O atentado sofrido pelo ex-presidente norte-americano Donald Trump na Pensilvânia, no último sábado (13), não marca somente a corrida eleitoral do país. Ela pode gerar um novo e profundo contorno na identidade política nacional.
É importante salientar que tentativas ou mesmo o assassinato de presidentes, ex-mandatários e candidatos não é uma novidade nos EUA. É um fato notório e público, e de alguma forma ajudou a formatar o arquétipo de pessoa ideal para ocupar o cargo: o sujeito forte.
Os norte-americanos encaram a posição de seu presidente sempre como o mais duro trabalho do mundo. Críticas-ao-complexo-de-auto-excepcionalidade à parte, esta lógica de pensamento elege o candidato de personalidade forte, seguro, que passe confiança. Este próprio fator é o que hoje causa arrepios nos líderes democratas, que enxergam na senilidade de Biden um ponto de forte desgaste frente a opinião pública.

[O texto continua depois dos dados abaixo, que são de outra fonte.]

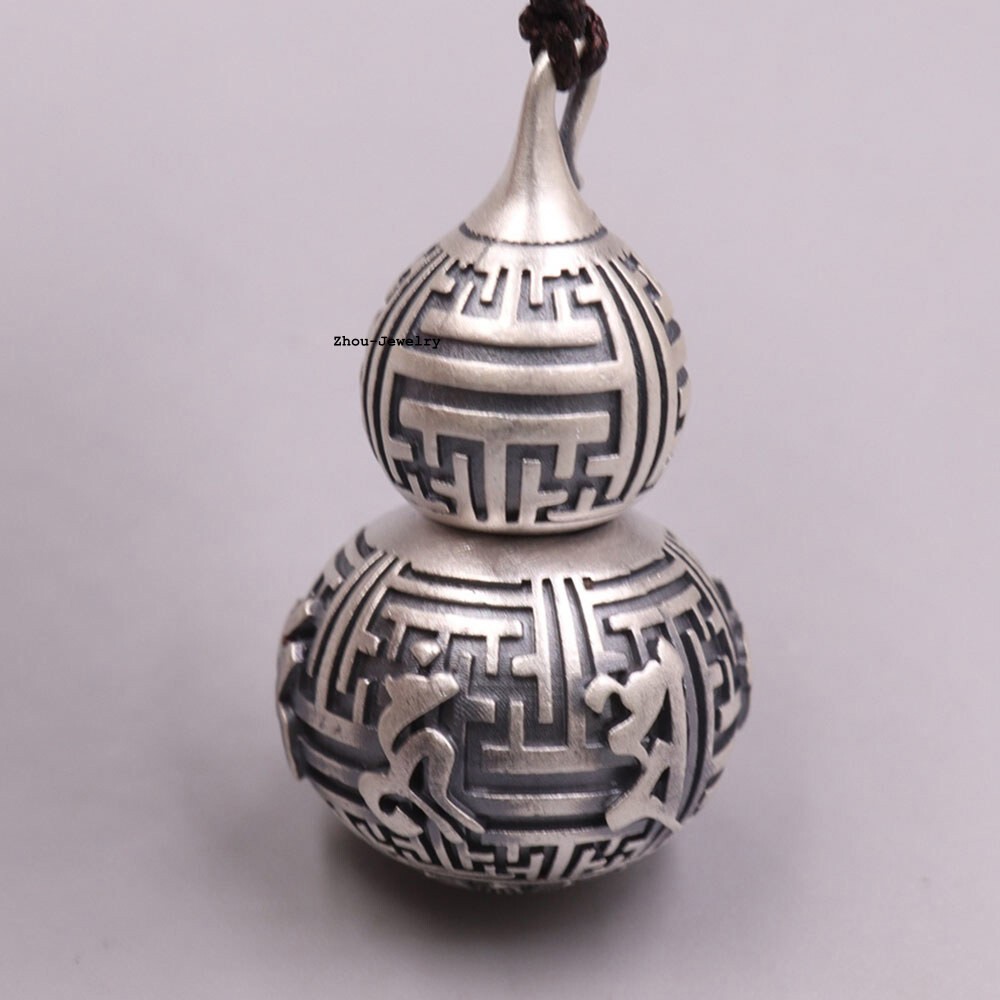 Real 999 Fine Silver Pendant Buddhist Sutra Gourd Shaped Amulet Netsuke 15-17G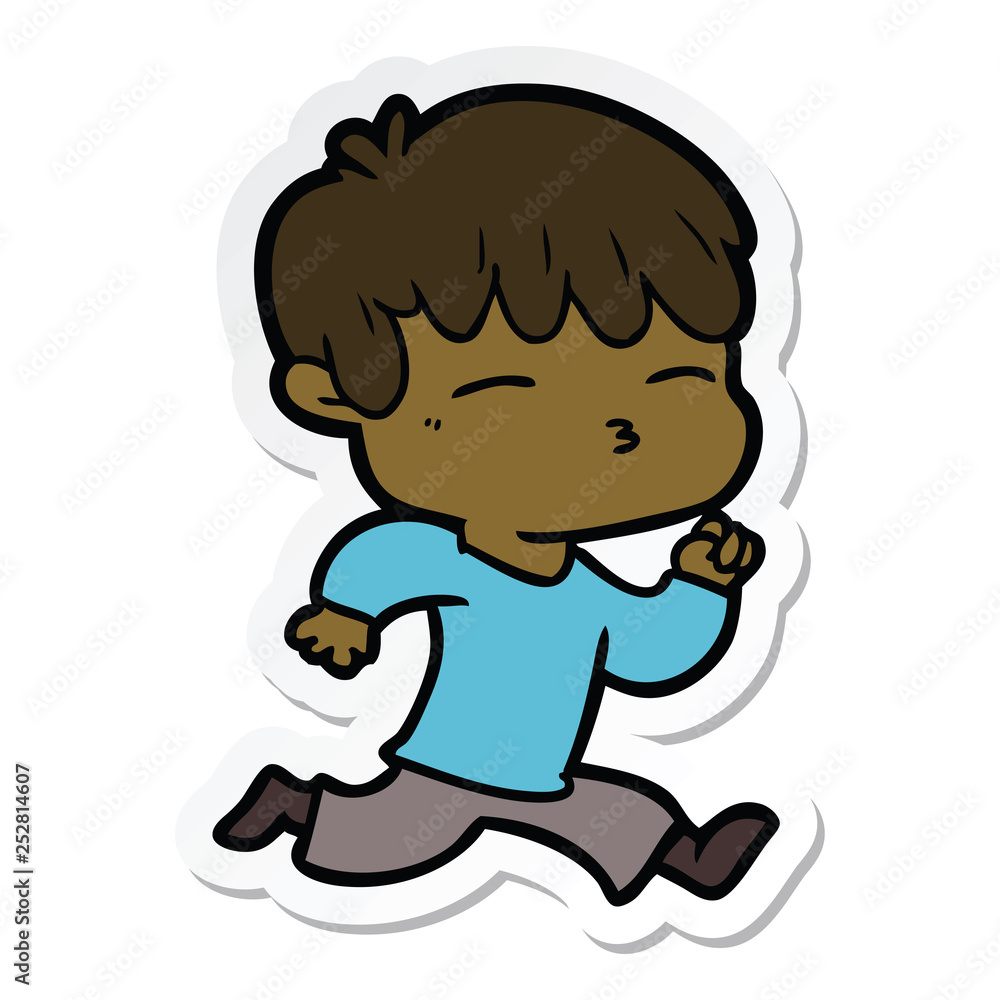 sticker of a cartoon curious boy sticker of a cartoon curious boy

Mas voltemos ao caso em análise aqui: Trump sofreu um atentado. Em poucos segundos, ainda que assustado, pôde recobrar sua consciência e posar para as câmeras. Levantou o punho, em riste, e se colocou como um sobrevivente.
A imagem que rodou o mundo mostra o ex-presidente cercado por três seguranças. Ao fundo, no céu, uma bandeira americana. Ele está sujo de sangue, mas seu olhar é confiante, não é assustado. Trata-se de um arquétipo heroico, que venceu o perigo e não se amedronta, pois é forte.
É a materialização de uma carta na manga que ex-presidente sempre quis ter: do mártir que sobreviveu para contar sua história. Muito mais potente que o resultado dos julgamentos dos quais é réu. A imagem é potente o suficiente para mexer com cabeças e corações, e de alguma forma preenche, completa a necessidade da figura forte no candidato ideal daquele contexto.
E para além do jogo eleitoral, pode funcionar como uma espécie de sinal metafísico da excepcionalidade de Trump. O americano que se identifica com os ideais trumpistas flerta em diversos momentos com noções de um destino nacional fadado à grandeza. O que os impediria de entender que nessa sobrevivência (que de fato é incrível, dado a proximidade que a bala passou) reside o maior sinal de que estamos de frente ao escolhido para a guiar a nação contra o mal comunista?
Trata-se de um signo muito forte que agora está livre para ser trabalhado nas poderosas redes de desinformação da extrema-direita norte-americana. Não acharia estranho caso se tornasse estampa de camiseta em estética de estêncil.